Eh-hem. Newest swatch at the bottom, my dears.

To knitters, a swatch is a small piece of knitted fabric, used to measure gauge (the size of stitches) and/or to experiment with various pattern elements such as color or texture. Swatches are handy little pieces which represent a much larger work. We thought, hey, why not expand this idea? On this page, we will post written-word swatches, short quotations that are particularly interesting, lovely or provacative, or which succinctly represent the larger work from which they were taken. Enjoy.

Let’s start with Jane Austen, shall we. She certainly is bizarrely popular these days. The following is quoted from Persuasion. Anne Elliot, the protangonist, and Captain Harville, a male aquaintance, are arguing over whether men or women are more constant in their affections. Each argues in favor of their own sex. Captain Harville:

“‘Well, Miss Elliot, as I was saying, we shall never agree, I suppose, upon this point. No man and woman would probably.

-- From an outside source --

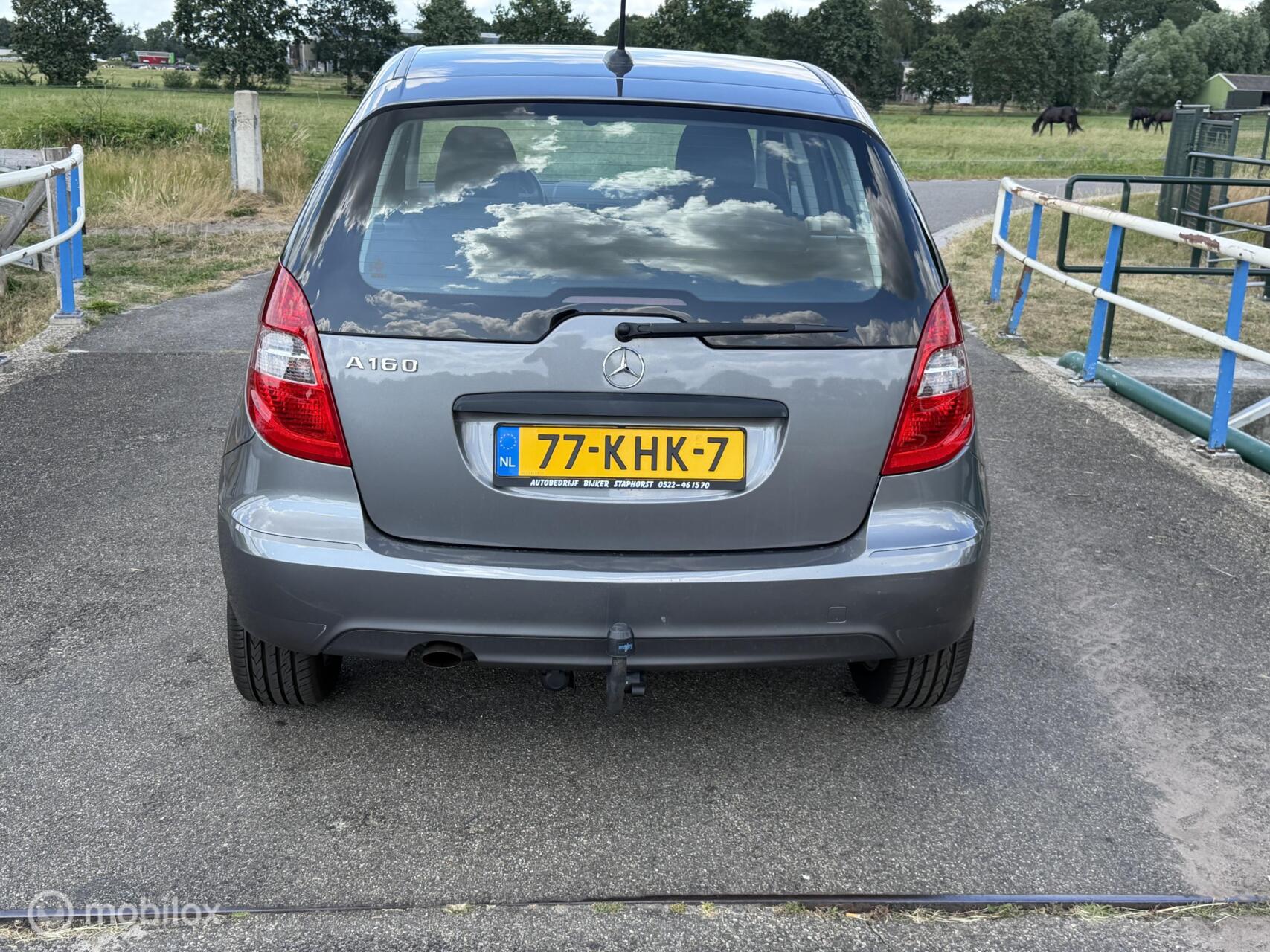 Foto van Mercedes-Benz A 160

But let me observe that all histories are against you–all stories, prose and verse…I do not think I ever opened a book in my life which had not something to say upon woman’s inconstancy. Songs and proverbs all talk of woman’s fickleness. But, perhaps, you will say, these were all written by men.’

‘Perhpas I shall. Yes, yes, if you please, no reference to examples in books. Men have every advantage of us in telling their own story. Education has been theirs in so much a higher degree; the pen has been in their hands. I will not allow books to prove anything.’

‘But how shall we prove anything?’

‘We never shall. We never can expect to prove anything upon such a point. It is a difference of opinion which does not admit of proof. We each begin, probably, with a little bias towards our own sex; and upon that bias build every circumstance in favor of it which has occured within our own circle; many of which circumstances (perhaps those very cases which strike us the most) may be precisely such as cannot by brought forward without betraying a confidence, or in some respect, saying what should not be said.'”

Way to be ahead of your time Jane. That goes a long way towards explaining why so many everyday conversations about gender differences make me grumble and wish there was a quiet place I could go knit in for a while until the conversation takes a more fruitful turn.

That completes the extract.